Opinion
41878.
DECIDED NOVEMBER 3, 1966.
Action on note. Fulton Superior Court. Before Judge Whitman.
Harmon Thackston, Nolan B. Harmon, G. William Thackston, Jr., for appellant.
Nall, Miller, Cadenhead Dennis, Theodore G. Frankel, Gerald A. Friedlander, Clarence C. Calhoun, Jr., for appellees.
This court in its previous opinion deplored the confusion, if not conflict, in judicial precedents deciding whether a contract in dispute was one of suretyship or guaranty. National Acceptance Co. v. Fulton Nat. Bank, 113 Ga. App. 517, 518 ( 148 S.E.2d 907). We relied upon the language of the Supreme Court in Greenwold Grift Co. v. Durham, 191 Ga. 586 ( 13 S.E.2d 346), wherein it stated: "An undertaking by which one induces the subsequent furnishing of goods to a third person . . . has been recognized as an independent contract of guaranty and not of suretyship. . . ." The Supreme Court now holds that in order to create a contract of guaranty there must be a "new, separate and independent consideration" flowing directly to the promisor.
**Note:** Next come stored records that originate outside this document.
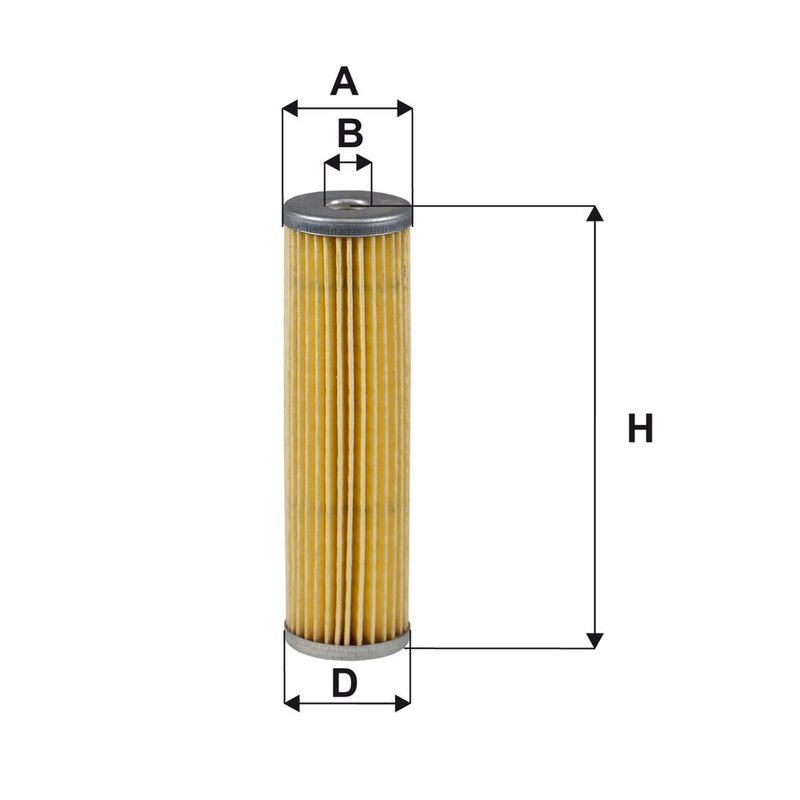 Kütusefilter, FILTRON PM 999, 17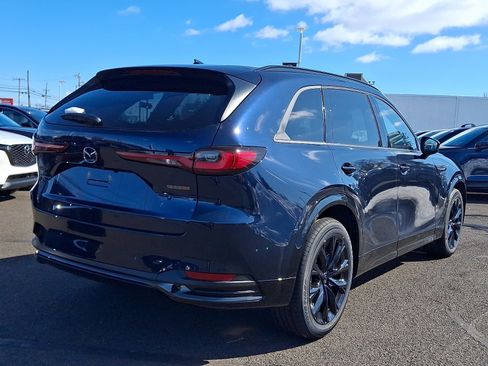 New 2026 MAZDA CX-90 3.3 Turbo S w/ Premium Package AWD/4WD image 7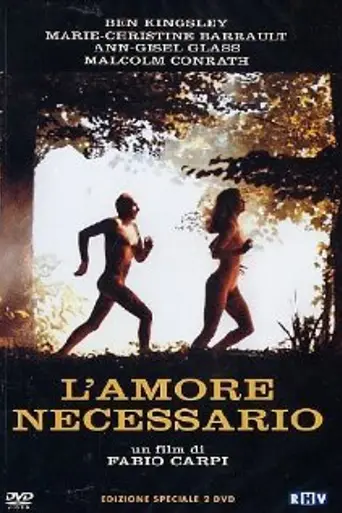 Necessary Love (1991)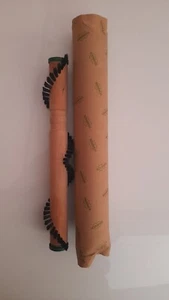Rullo setole spazzolatappeti ET20 originale Folletto. - Foto 1 di 3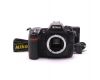 Nikon D300 body (пробег 100945 кадров)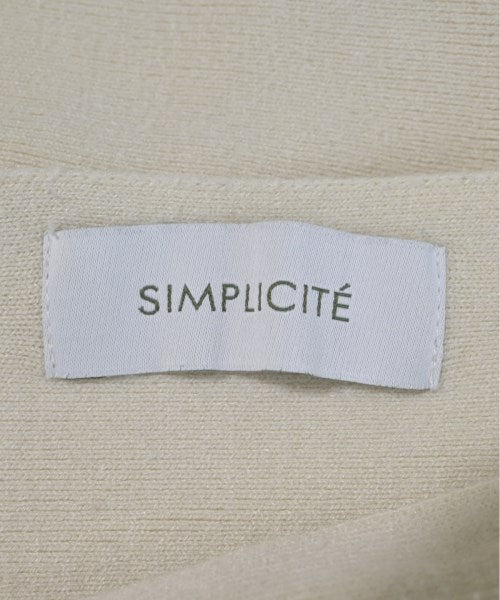 Simplicite เสื้อกันหนาว
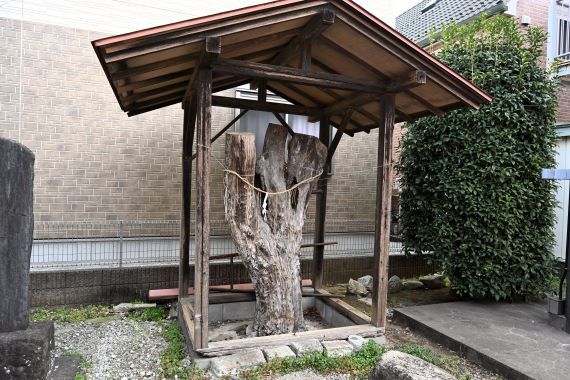 240214-11 五香稲荷神社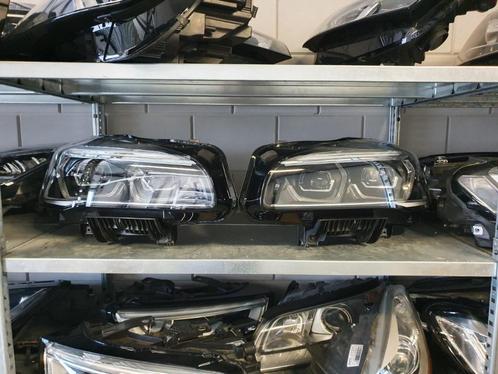 Bmw 2 serie F45 F46 LCI adaptive LED koplampen unit, Auto-onderdelen, Verlichting, BMW, Gebruikt, Verzenden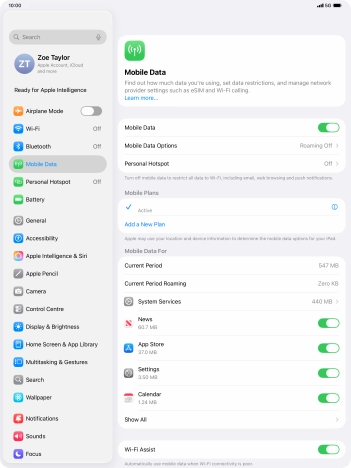 Press the info icon next to the required price plan below 
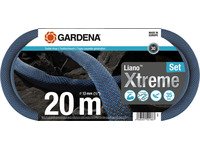 Gardena Hageslange Liano Xtreme 20 m. - Sett Hagen - Hagevanning - Hageslanger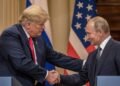 РФ обговорює зі США послаблення санкцій за перемирʼя без гарантій, – джерело РБК-Україна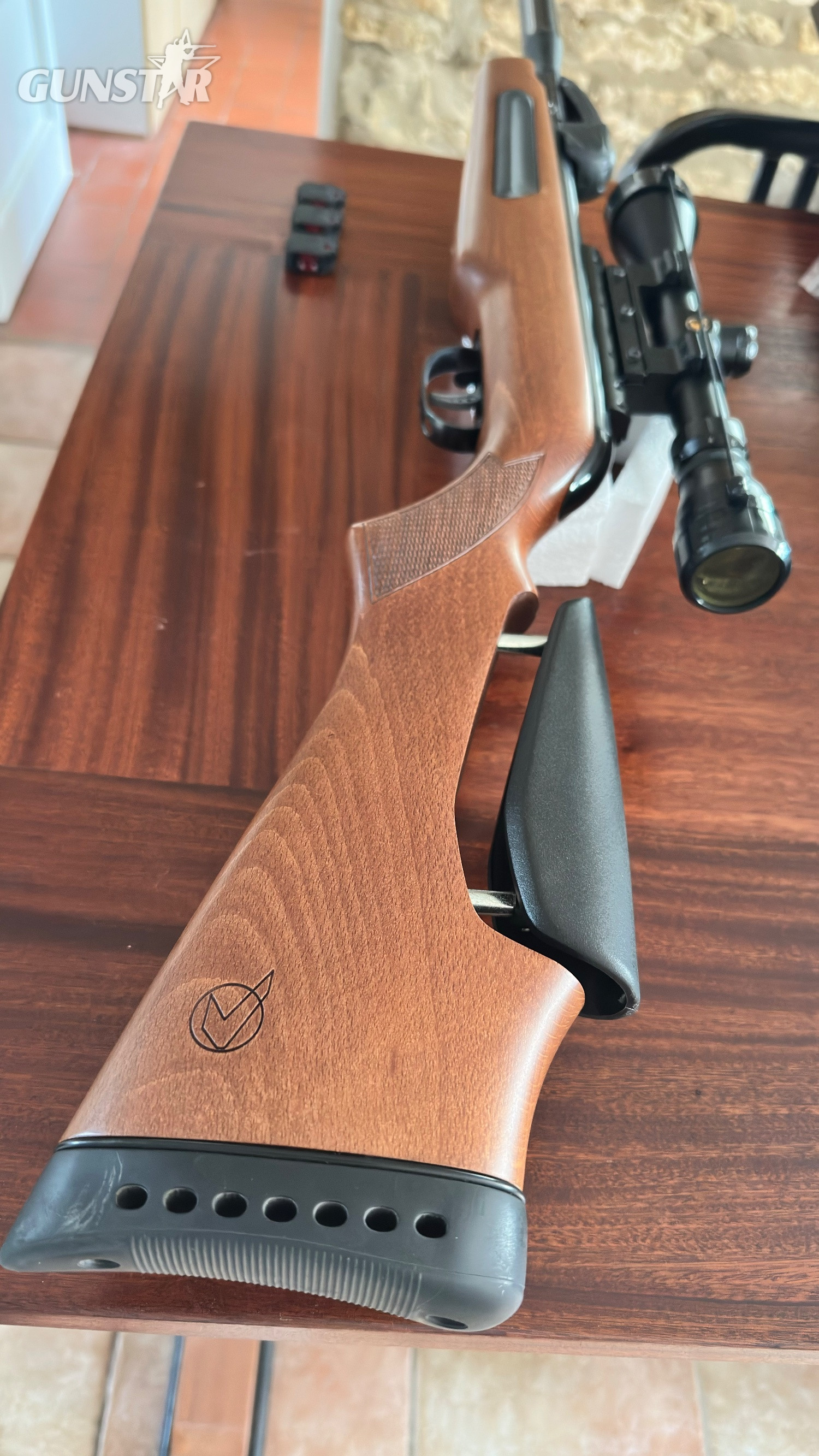 Gamo Maxxim Elite Swarm .22 - {CATEGORY}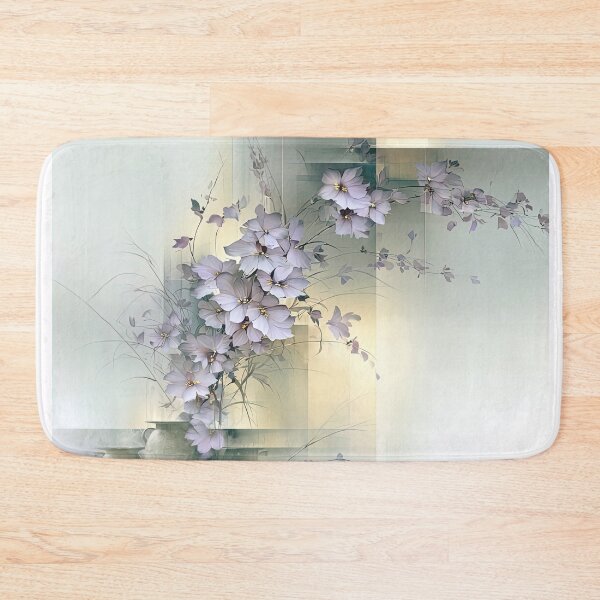 Item preview, Serenade of Pale Lavender designed and sold by bloorose.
Our judgment in this case having been reversed by the Supreme Court in Wolkin v. National Acceptance Co., 222 Ga. 487 ( 150 S.E.2d 831), we hereby vacate our judgment and enter another affirming the judgment of the trial court for the reasons stated by the Supreme Court in its opinion.
Judgment affirmed. Nichols, P. J., and Deen, J., concur.